— WHAT TO WORK ON —
Give back every line of the material exactly. Skip the pictures.

— INFORMATION SHOWN —

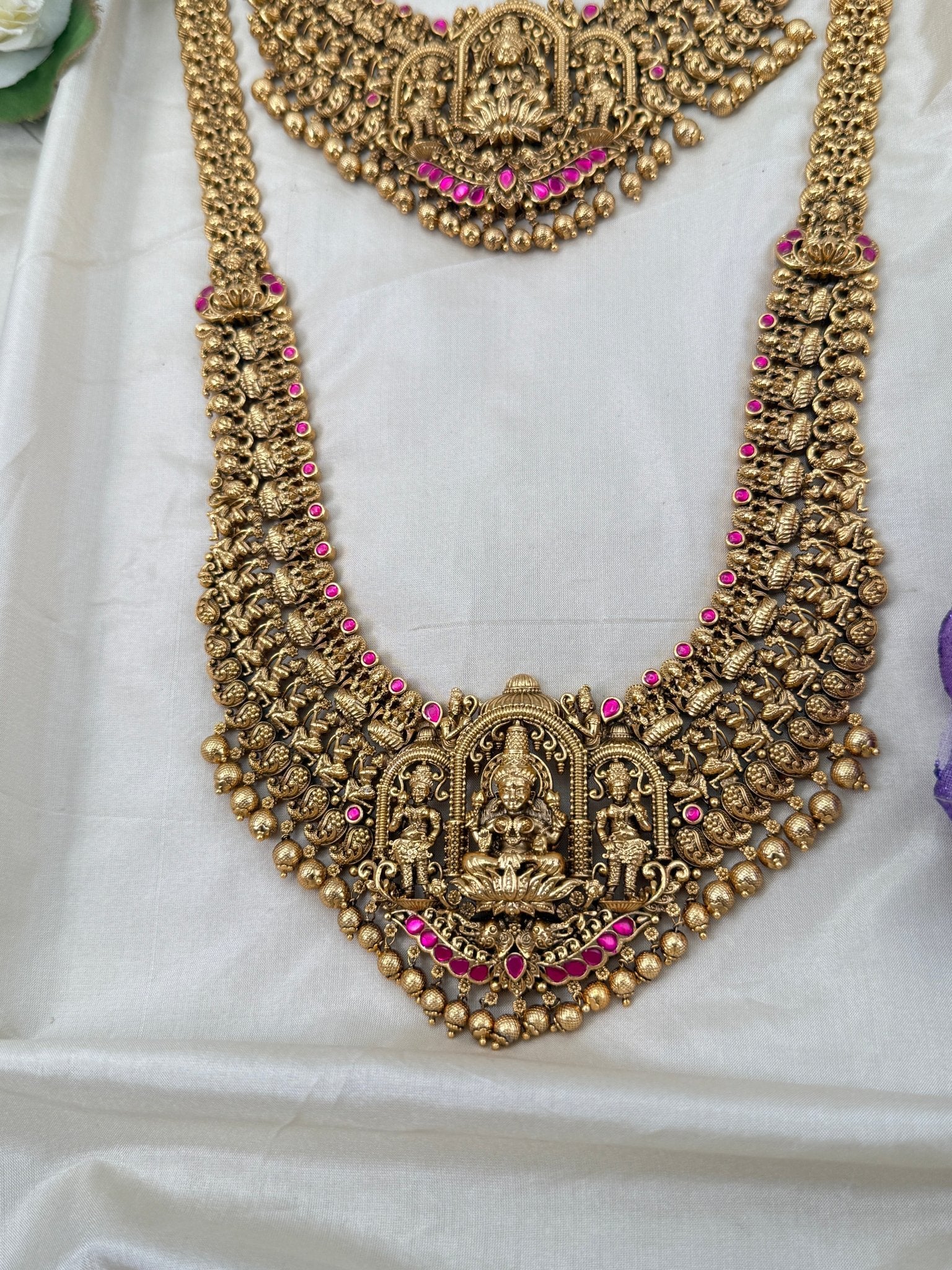 Luxurious Antique Jadau Semi Bridal Necklace Set 0658 - Mahilas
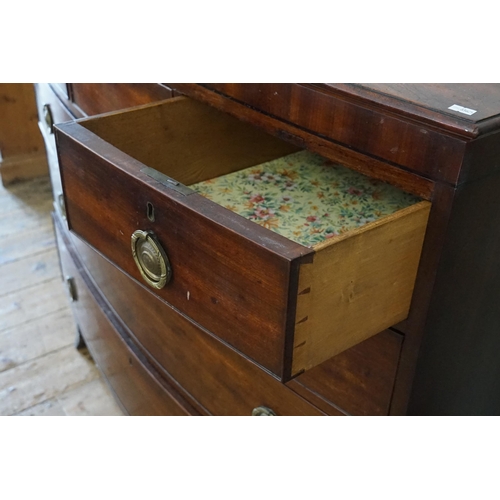 519 - A Georgian Mahogany Bow Fronted Chest of Three Short & Three Long Drawers resting on Bracket & Brass... 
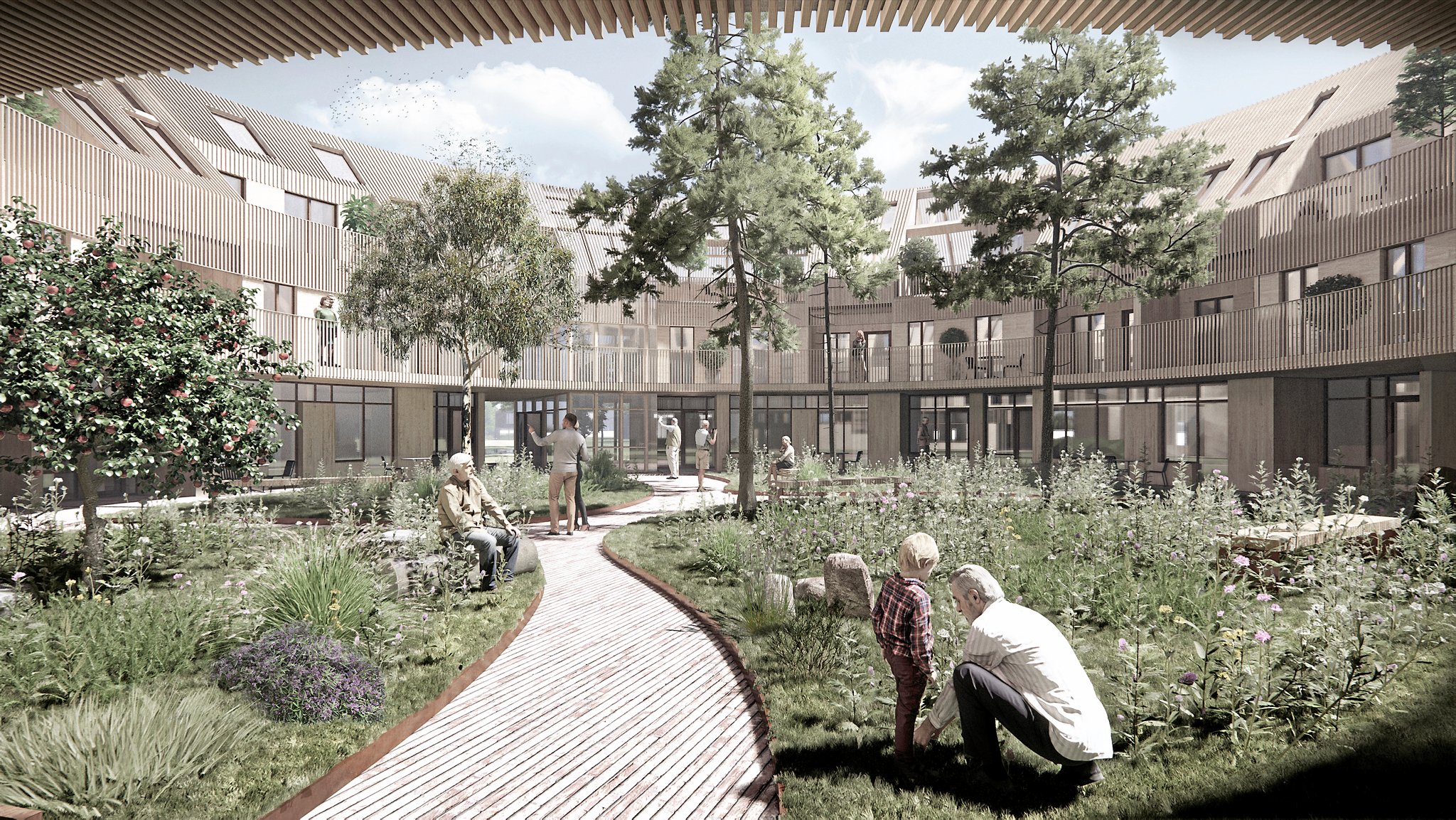 Boligerne blev tegnet af Sweco Architects i samarbejde med Boligkontoret Danmark. Men nu er projektet helt droppet. Modelfoto: Sweco Architects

— RESPONSE —
 Luxurious Antique Jadau Semi Bridal Necklace Set 0658 - Mahilas
 519 - A Georgian Mahogany Bow Fronted Chest of Three Short & Three Long Drawers resting on Bracket & Brass... 
 Boligerne blev tegnet af Sweco Architects i samarbejde med Boligkontoret Danmark. Men nu er projektet helt droppet. Modelfoto: Sweco Architects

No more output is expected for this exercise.